TASK GOAL:
Repeat the listing that follows exactly. Pictures are not part of the copy.

SUPPLIED ENTRIES:
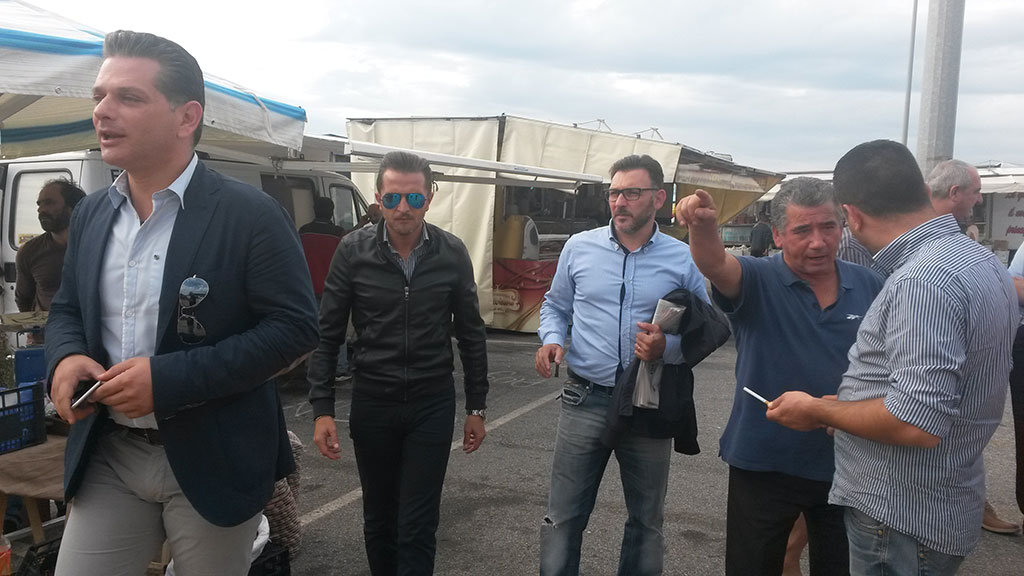mercatini-ambulnti-assessore-lamezia.jpg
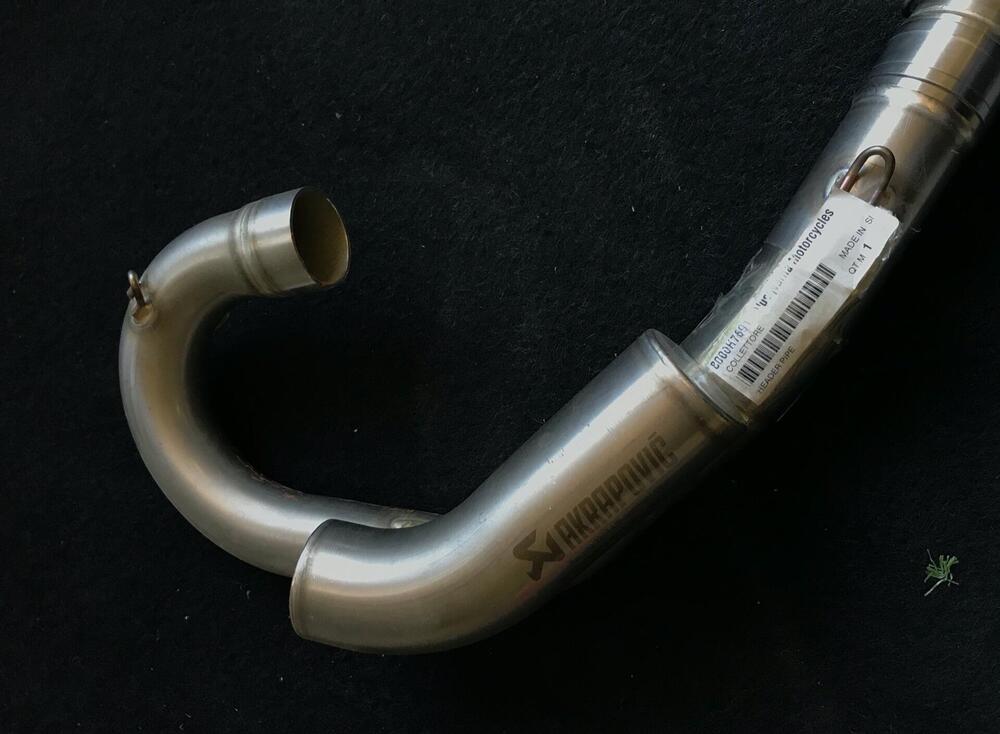 Collettore e silenziatore AKRAPOVIC TC250 (3)
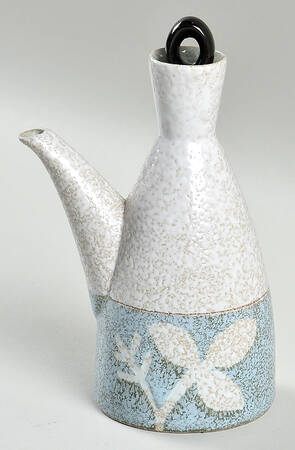 Medallion Oil Cruet and Stopper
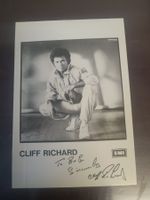 Cliff Richard -handsignierte Autogrammkarte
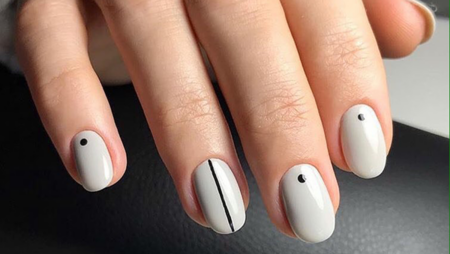 Simple Nail Art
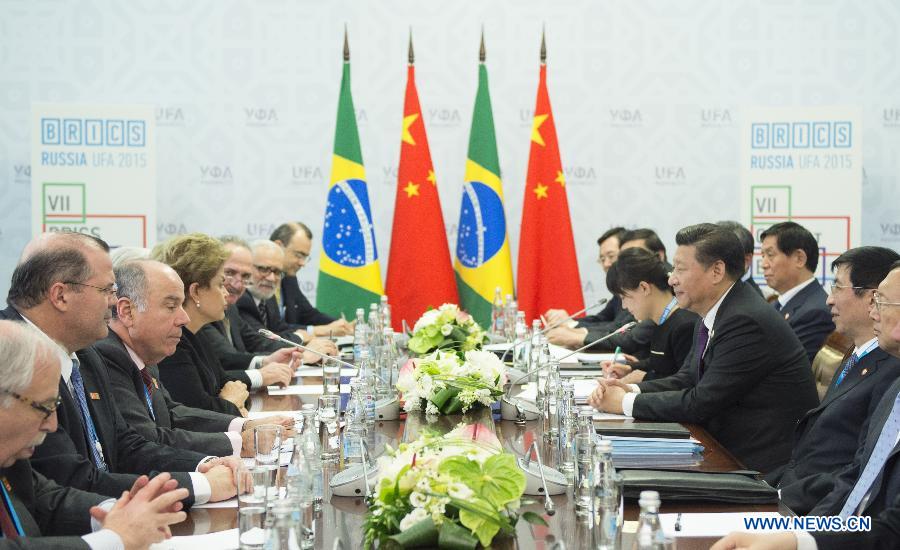Chinese President Xi Jinping meets with Brazilian President Dilma Rousseff in Ufa, Russia, July 9, 2015. (Xinhua/Xie Huanchi)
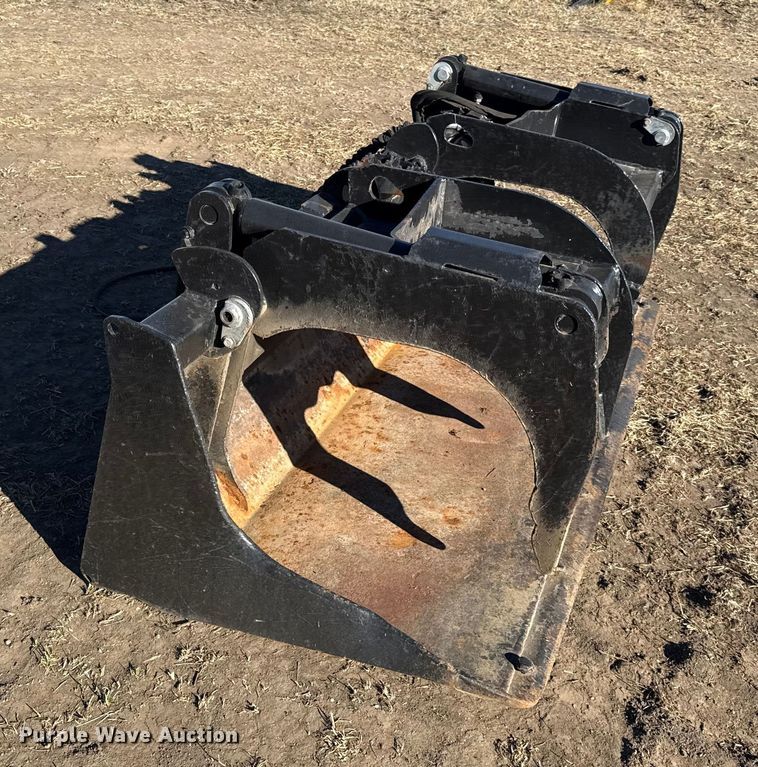image for item EN0229 Skid steer grapple bucket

COMPLETED EXERCISE:
mercatini-ambulnti-assessore-lamezia.jpg
 Collettore e silenziatore AKRAPOVIC TC250 (3)
 Medallion Oil Cruet and Stopper
 Cliff Richard -handsignierte Autogrammkarte
 Simple Nail Art
Chinese President Xi Jinping meets with Brazilian President Dilma Rousseff in Ufa, Russia, July 9, 2015. (Xinhua/Xie Huanchi)
image for item EN0229 Skid steer grapple bucket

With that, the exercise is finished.